The Findings: It Depends on the Puzzle

The paper looked at many different "puzzles" (Bell inequalities) and found two very different outcomes:

1. The "No Trade-off" Cases (The Easy Puzzles)

For some famous puzzles, like the CHSH inequality (the simplest test of quantum weirdness) and the CGLMP inequalities (which involve more outcomes), the answer is YES.

• The Analogy: You can win the game with a small, simple toolbox and by having both players do the exact same thing.
• The Result: For these specific puzzles, you don't have to sacrifice symmetry to keep things simple. You can have your cake (symmetry) and eat it too (minimal dimension).

2. The "Trade-off" Cases (The Hard Puzzles)

However, for a specific set of more complex puzzles (involving 3 or 4 different measurement choices), the answer is NO.

• The Analogy: Here, the rules are tricky. If you force the players to be identical (symmetric) and use the smallest possible toolbox, you cannot get the maximum score. You will get a "suboptimal" score (you lose points).
• The Catch: To get the maximum score on these puzzles, you have to choose one of two paths:
  • Path A: Use a symmetric strategy, but you must upgrade to a larger, more complex toolbox (higher dimension).
  • Path B: Keep the small, simple toolbox (minimal dimension), but you must break the symmetry. One player must do something slightly different from the other (an "asymmetric" strategy).
• The Surprise: The paper found that for these specific puzzles, the best way to win with the smallest toolbox is actually to be asymmetric. The players must be different to get the top score.

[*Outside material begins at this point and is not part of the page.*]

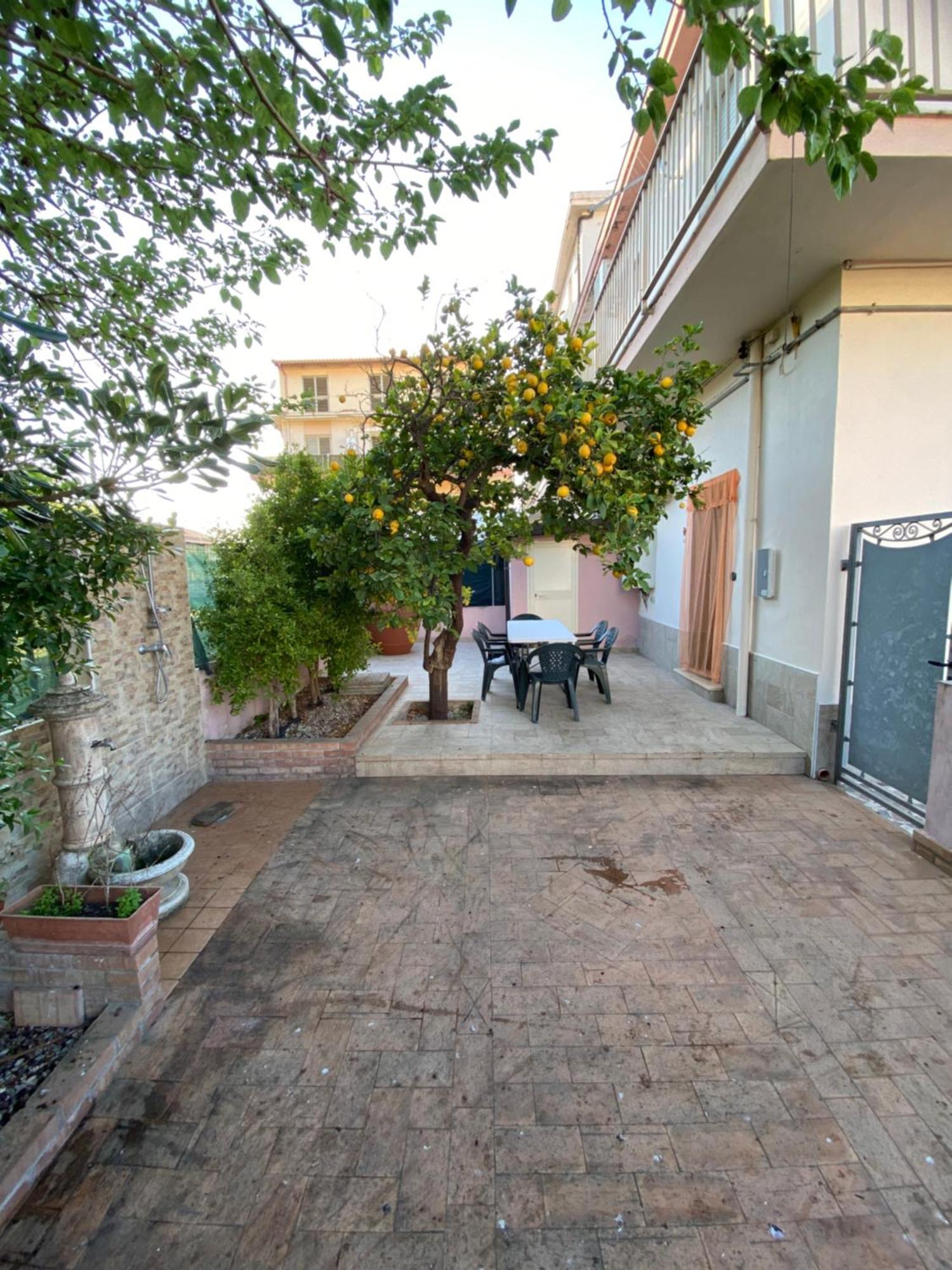 L'Albero Di Limoni Sul Mare Di Pizzo Villa Exterior photo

Why Does This Matter? (The Geometry of the Game)

The paper explains that this trade-off changes the shape of the "winning zone."

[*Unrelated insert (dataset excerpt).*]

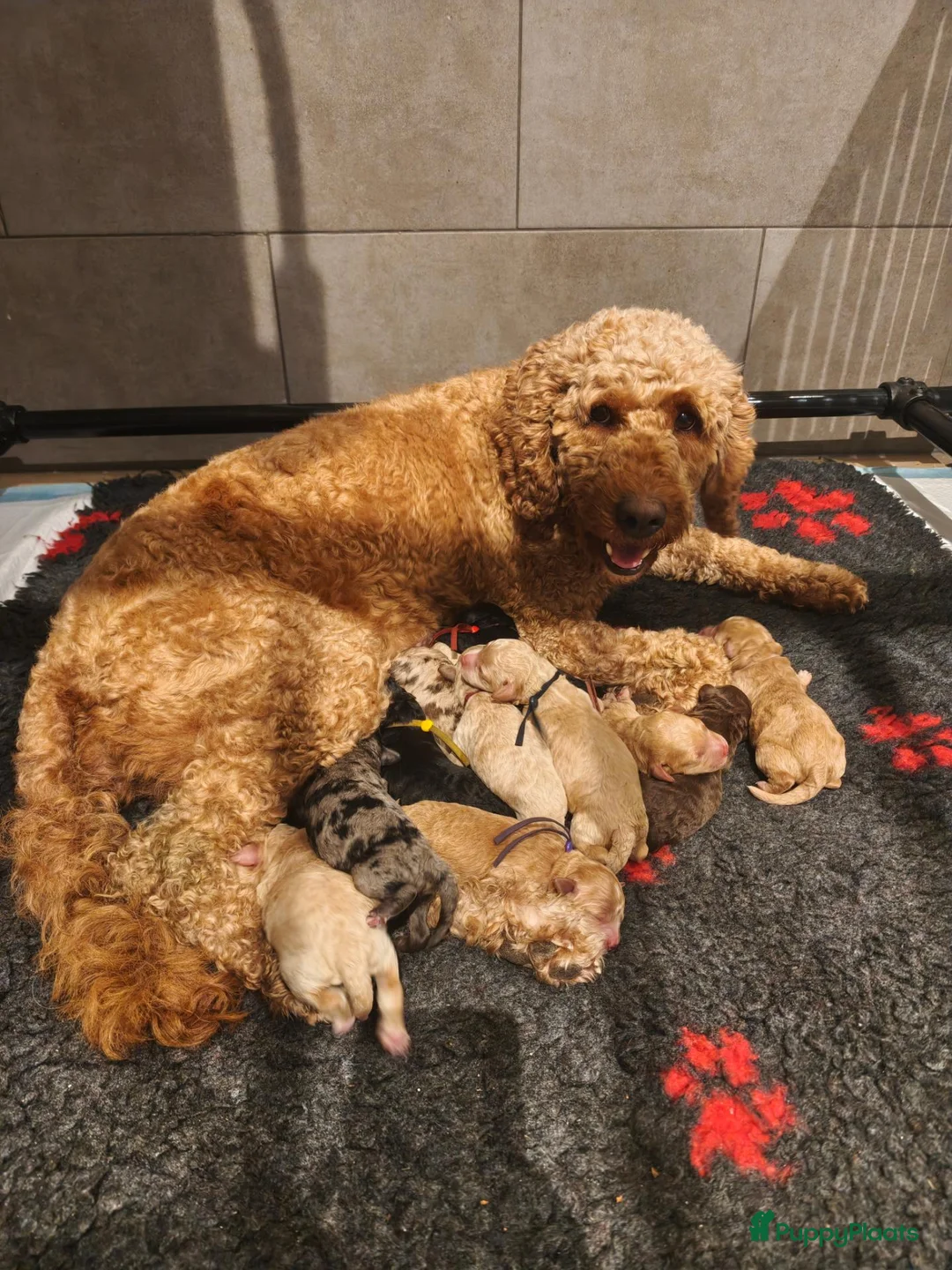 Kruising honden te koop: Multigen Bernedoodle Medium pups beschikbaar - Advertentie 2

• The Flat Spot: Usually, if there is only one way to win a puzzle perfectly, that winning spot is a sharp point. But in these "trade-off" cases, because you can win by being asymmetric (with a small toolbox) OR symmetric (with a big toolbox), the winning area becomes a flat plateau.
• The Self-Testing Problem: In quantum physics, we often try to "self-test" devices. This means we look at the score and say, "Ah, you got the maximum score, so I know exactly what state and measurements you used!"
  • The paper shows that for these specific puzzles, you cannot self-test. Because there are multiple ways to get the maximum score (symmetric vs. asymmetric), seeing the top score doesn't tell you which strategy was used. You can't be sure if the players were identical or different.

A Special Twist: The "Mirror" Strategy

The researchers also discovered a cool way to be asymmetric but still look symmetric.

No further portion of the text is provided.